Why repetitive transcranial magnetic stimulation should be available for treatment resistant depression

Antidepressant medications are the most commonly used treatment for major depression. Thirty to 40% of people will fail the first course of antidepressant medication and the success rate falls with each further medication trial. Treatment resistant depression (TRD) is defined as depression that has not remitted after at least two trials with antidepressants from different pharmacologic classes with adequate dose, duration, and compliance. TRD is associated with substantial disability, increased morbidity and mortality, and reduced quality of life.

The options for TRD include a further antidepressant switch, augmentation with lithium, an atypical antipsychotic or other agents, and non-pharmacological treatments such as cognitive behavioural therapy and mindfulness. Response rates are low for all of these interventions in this patient population. Electroconvulsive therapy (ECT) is more effective than repetitive Transcranial Magnetic Stimulation (rTMS) (Slotema et al., 2010) (particularly for those with severe depression), but has the disadvantages of the risk of cognitive side effects, and being unacceptable to some patients.
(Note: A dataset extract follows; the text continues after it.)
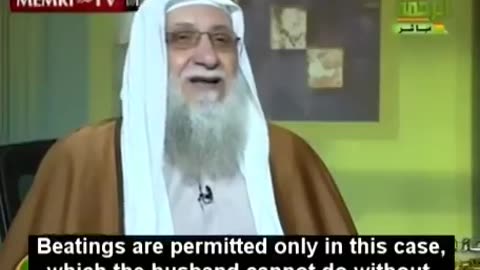 Egyptian Cleric Sa'd Arafat: Islam Permits Wife Beating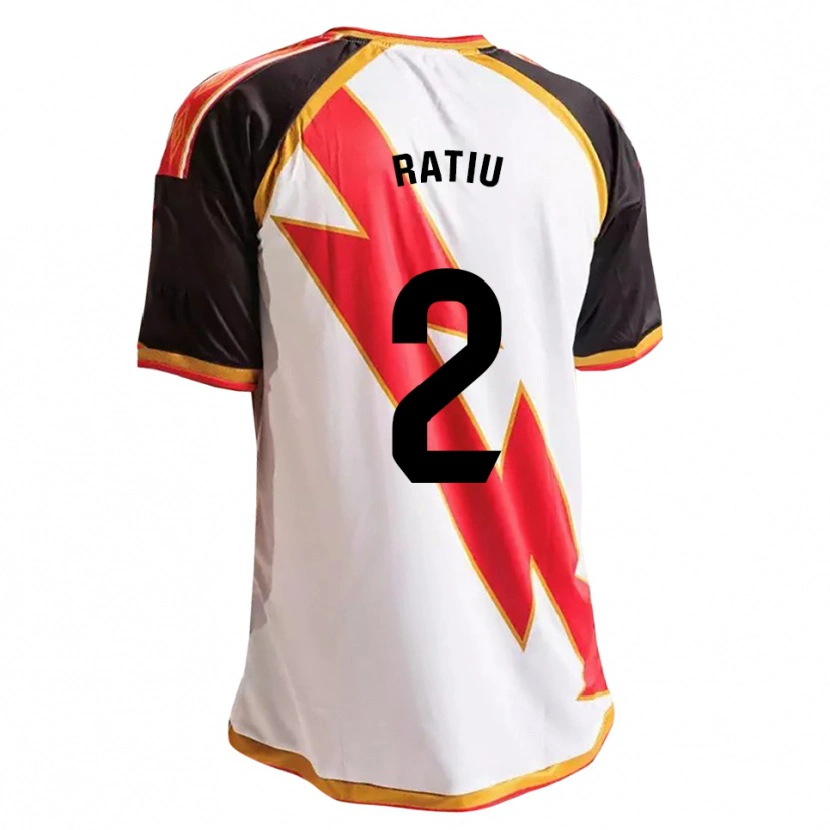 Danxen Dětské Andrei Rațiu #2 Černá Červená Bílá Zlatá Domů Hráčské Dresy 2026/27 Dres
rTMS has been extensively evaluated in TRD. Large multi-centre trials (e.g. George et al., 2010) and a recent meta-analytic study (Slotema et al., 2010), demonstrate that rTMS has an effect size of 0.55, compared to sham rTMS, in patients with depression. This is similar to that of antidepressant medications. rTMS can be effective when antidepressant medications have failed (Demitrack and Thase, 2009) and does not have any of the side effects, such as obesity and sexual dysfunction, associated with antidepressants. rTMS has an excellent safety profile. Common side effects are minor (scalp pain during stimulation, headache) and the main serious risk is that of seizure induction, which is rare. Post-market surveillance on rTMS shows very low levels of serious toxicity in 14,000 patients worldwide since 2008. Treatment protocols vary, but a typical course of treatment might involve 18-30 treatments (each lasting about 30 minutes) over 4-6 weeks. This is a substantial time commitment, but there is no anaesthetic needed and patients do not require a recovery period after treatment. The acute rTMS treatment course should generally be followed by ongoing therapy (e.g. medications and/psychological treatments) to prevent relapse. If relapse does occur then further courses of treatment, or maintenance rTMS treatment, are sometimes needed. rTMS has been shown to be cost effective, compared to switching of antidepressant medication, in patients with TRD (Simpson et al., 2009). Successful treatment of depression is associated with resumption of work and reduction in medical costs with resulting social and economic benefits.

rTMS has been utilised as a treatment for depression since the mid-1990s. However, there is currently no public reimbursement and the costs are not covered by private health insurance. There are a handful of rTMS services in Australia, supported by various funding arrangements. Local experience shows good acceptance of rTMS by both patients and referring psychiatrists.

Wider availability of rTMS would add a safe, effective treatment option for those patients with TRD who fail to respond to multiple antidepressants, including many who are unwilling to undergo or who are unsuitable for ECT. Unlike new drugs, rTMS is not being promoted widely by a manufacturer, so there is no impetus to greater availability, other than the efforts of clinicians and patients. If rTMS is to become part of our therapeutic repertoire, then as a profession we will need to find effective ways to achieve acceptance by both Medicare and the private health funds. This requires active engagement by the Royal Australian and New Zealand College of Psychiatrists in the task of promoting rTMS as a safe and effective treatment, and investment by the profession in developing the resources and expertise required to participate in the bureaucratic processes required for funding approval. Given the growing pipeline of new brain stimulation treatments, this investment should not be seen to be short term and solely focussed on rTMS but a critical part of expanding the psychiatric treatment armamentarium.